ASSIGNMENT →
All of the data below should be set down again verbatim, without any images.

EXERCISE DATA →
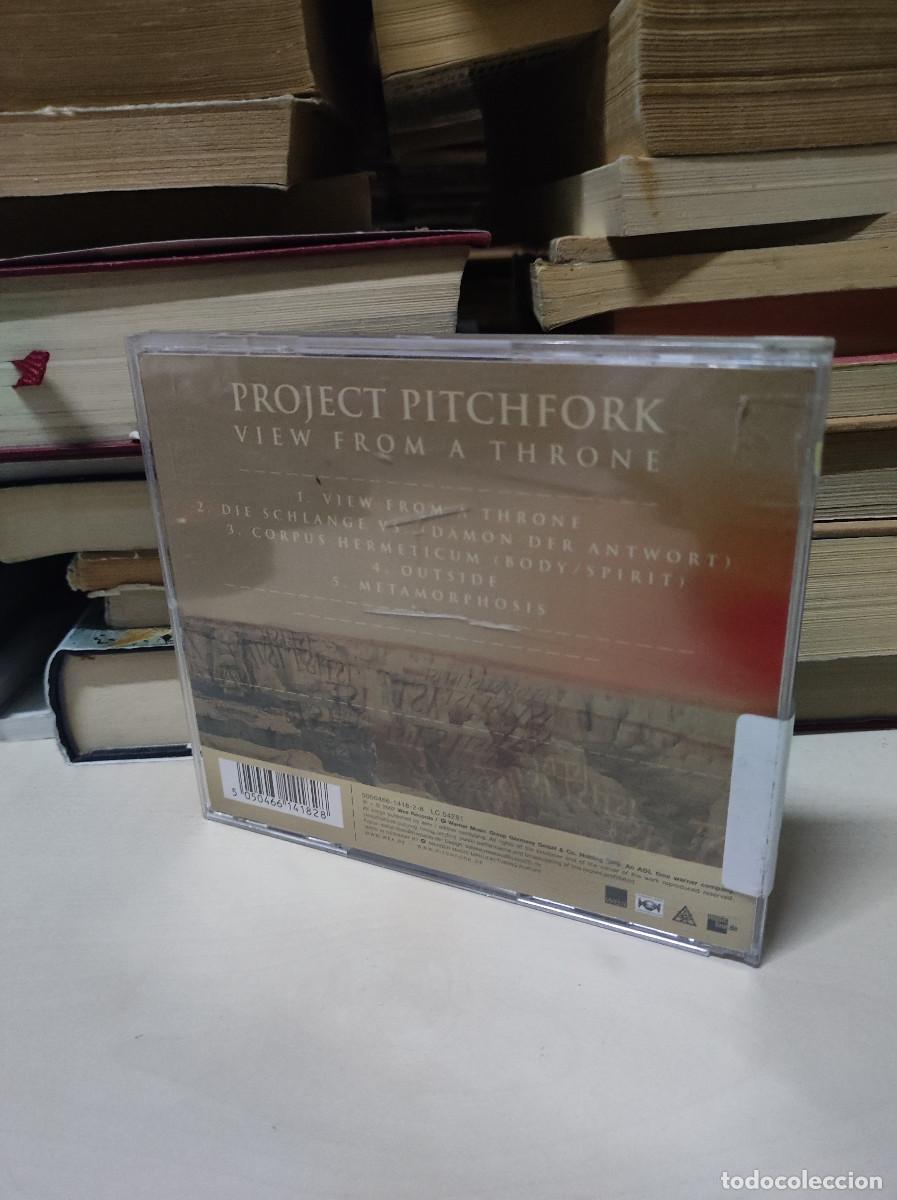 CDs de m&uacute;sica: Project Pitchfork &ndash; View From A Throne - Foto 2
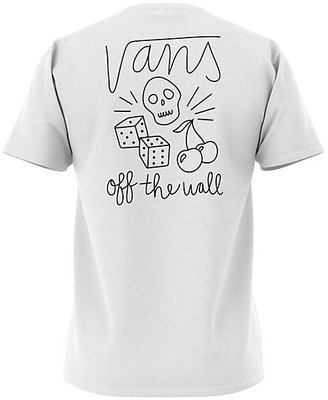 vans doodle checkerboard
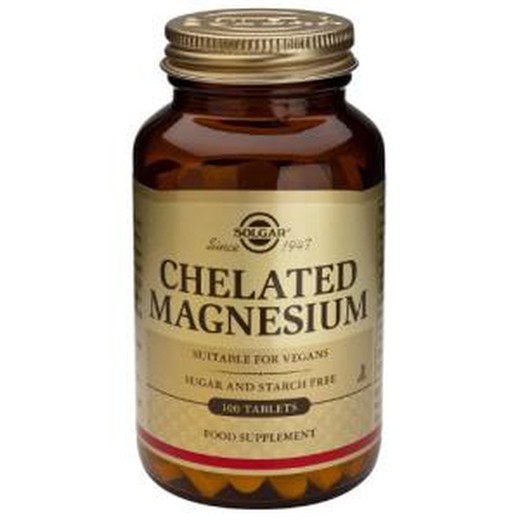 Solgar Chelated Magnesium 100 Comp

SOLUTION TO THIS EXERCISE →
 CDs de m&uacute;sica: Project Pitchfork &ndash; View From A Throne - Foto 2
 vans doodle checkerboard
 Solgar Chelated Magnesium 100 Comp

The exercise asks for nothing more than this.